Ever since the statute quia emptores the tying up of real property has been regarded as an evil that is incompatible with the free and liberal circulation of property as one of the inherent rights of a free people. In order to prevent this evil two doctrines were established: One that all interests should be alienable; the other that all interests. must arise within certain limitations of time. The latter doctrine is known as the rule against perpetuities. It is the first doctrine with which we are concerned.

The rule that conditions restraining alienation, when repugnant to the estate conveyed, are void, is founded on the postulate that the conveyance of a fee is a conveyance of the whole estate, that the right of alienation is an inherent and inseparable quality of an estate in fee simple, and that, therefore, a condition against alienation is repugnant to, and inconsistent with, the estate conveyed. To transfer a fee and at the same time restrain the free alienation of it is to say that a party can grant and not grant, in the same breath. But the rule is not founded exclusively on this principle of natural law. It rests also on grounds of clear public policy and convenience in facilitating the exchange of property, in simplifying its ownership and in freeing it from embarrassments which are injurious not only to the possessor, but to the public at large.

In the deed in question here, the restraint upon alienation is not absolute, either as to persons or time. As to persons, it is partial; as to time, it is temporary.

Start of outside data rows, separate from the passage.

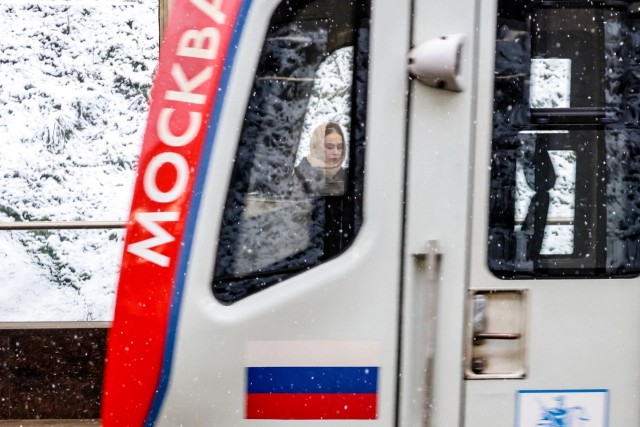 В Москве выпал первый снег. Фоторепортаж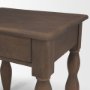 71721 - Angeline Spool Turned End Table | Dark Brown Wood | 1 Drawer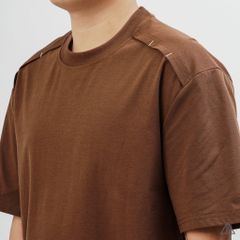 Áo Thun Nam D2SHOP phối viền chỉ vai, vải Premium Cotton B-B8003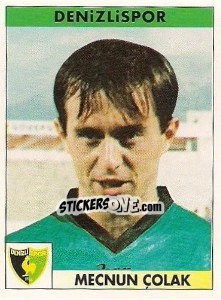 Sticker Mecnun Çolak - Türkiye 1. Futbol Ligi 1996-1997 - Panini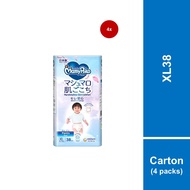 [Carton of 4] MamyPoko Air Fit Marshmallow Pants Super Premium Baby Diapers [BOY] XL38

The restraint, as to persons, is limited to three classes, namely, persons of African, Chinese, and Japanese descent. As to time or duration, the restraint is limited to a little over fourteen years, or until January 1, 1925.

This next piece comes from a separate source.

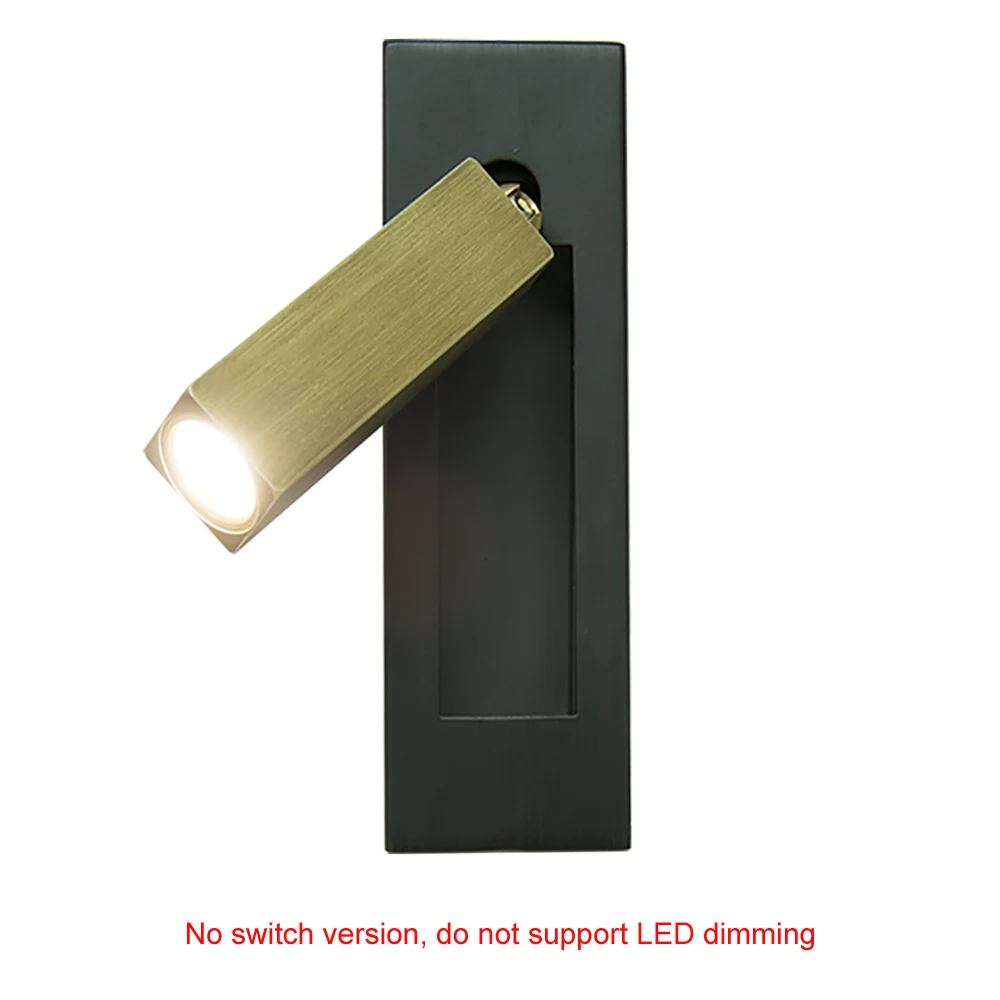 Лампада да парет LED для док-настенный светильник с кнопкой черный бронзовый для чтения с на кнопку включения/выключения или датчик съемный регулируемый - Цвет абажура: Model A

The decisions respecting the validity of a restraint that is only partial as to persons or temporary as to time are in a state of conflict and hopeless confusion. Some, particularly the Kentucky cases, which admittedly are against the weight of authority (Bonnell v. McLaughlin, 173 Cal. 216 [159 Pac. 590]), hold that if the restraint be total as to persons but only temporary as to the time of its duration, and the time is not unreasonable, the condition is valid. (Lawson v. Lightfoot, 27 Ky. Law Rep. 217, [84 S. W. 739].) Others hold that if the restraint be total as to persons but temporary as to time, the condition is utterly void, no matter how short the time may be. (Mandlebaum v. McDonnell, 29 Mich. 78, [18 Am. Rep. 61]; Latimer v. Waddell, 119 N. C. 370, [3 L. R. A. (N. S.) 668, and note, 26 S. E. 122]; O'Connor v. Thetford (Tex. Civ. App.), 174 S. W. 680.) And there are other cases that hold that if the restraint be partial as to persons, and the restricted class is so large that the restraint is unreasonable, the condition is void. (Manierre v. Welling, 32 R. I. 104, [Ann. Cas. 1912C, 1311, 78 Atl. 507].) Still others hold, or seem to hold, that any restraint whatever as to persons, however partial, is void. (Barnard's Lessee v. Bailey, 2 Harr. (Del.) 56; Williams v. Jones, 2 Swan (Tenn.), 620. See, also, Bradford v. Leake, 124 Tenn. 312, [Ann. Cas. 1912D, 1140, 137 S. W. 96].)

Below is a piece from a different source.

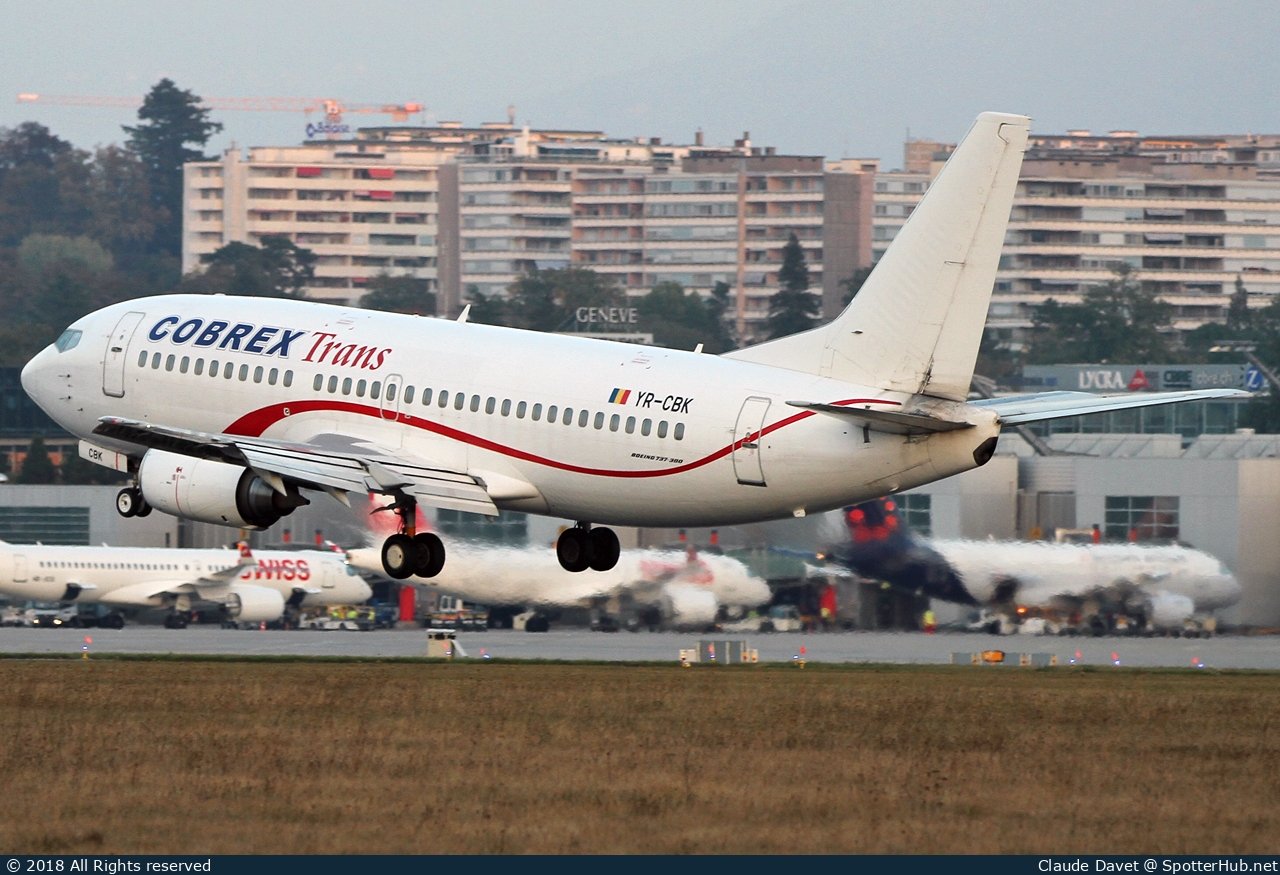 Photo of YR-CBK - Boeing 737-382 operated by Cobrex Trans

[3] We think that, on principle, any restraint on alienation, either as to persons or time, is invalid. And while there is no case in this state directly in point-or at least none to which our attention has been called-there is one case in which the supreme court says, though by way of dictum, that any restraint whatever is void. (Murray v. Green, 64 Cal. 367, 368, 128 Pac. 118].)

In all, or almost all, of the cases in which it is held that a condition restraining alienation for any time, however short, is void, the restraint was total as to persons, though but partial or temporary as to time. We think, however, that the reasoning whereby those courts reach the conclusion that a condition is void that imposes a total restraint upon the power of alienation for any time, however short, applies with equal force to a condition that imposes a restraint that is but partial as to the persons or classes of persons to whom the title may not be conveyed, and that

the reasoning in those cases leads logically and inevitably to the conclusion that any restraint whatever on alienation, either as to persons or time, is void. In O'Connor v. Thetford, supra, the Texas court of civil appeals, speaking of the generally accepted doctrine that the suspension of the power of alienation for any time, however short, is void, says that it "is the more logical and presents no difficulties such as may be encountered in determining what is a reasonable time." In Mandlebaum v. McDonnell, 29 Mich. 78, [18 Am. Rep. 61], the court, speaking of the same rule, propounds these these pertinent questions: "Who can say whether the time is reasonable, until the question has been settled in the court of last resort; and upon what standard of certainty can the court decide it? Or depending, as it must, upon all the peculiar facts and circumstances of each particular case, is the question to be submitted to a jury?" These questions are equally pertinent when propounded with respect to a restraint on alienation that is partial as to persons.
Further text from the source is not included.